In the listing that follows, locate the line containing "SPU students hand" and the line containing "Black and white". Retype exactly those two lines and every line between them, and nothing more.

### Provided data ###

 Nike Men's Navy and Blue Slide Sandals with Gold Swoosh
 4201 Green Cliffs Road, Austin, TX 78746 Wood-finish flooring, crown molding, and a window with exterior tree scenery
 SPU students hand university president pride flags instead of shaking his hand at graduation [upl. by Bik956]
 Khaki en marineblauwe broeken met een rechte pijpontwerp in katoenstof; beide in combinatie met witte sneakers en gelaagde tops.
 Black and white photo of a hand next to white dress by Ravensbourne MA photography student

###
### Provided data ###

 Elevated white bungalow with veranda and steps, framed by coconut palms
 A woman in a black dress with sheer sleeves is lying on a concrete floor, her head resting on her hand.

###

● **Reply to the exercise**
 SPU students hand university president pride flags instead of shaking his hand at graduation [upl. by Bik956]
 Khaki en marineblauwe broeken met een rechte pijpontwerp in katoenstof; beide in combinatie met witte sneakers en gelaagde tops.
 Black and white photo of a hand next to white dress by Ravensbourne MA photography student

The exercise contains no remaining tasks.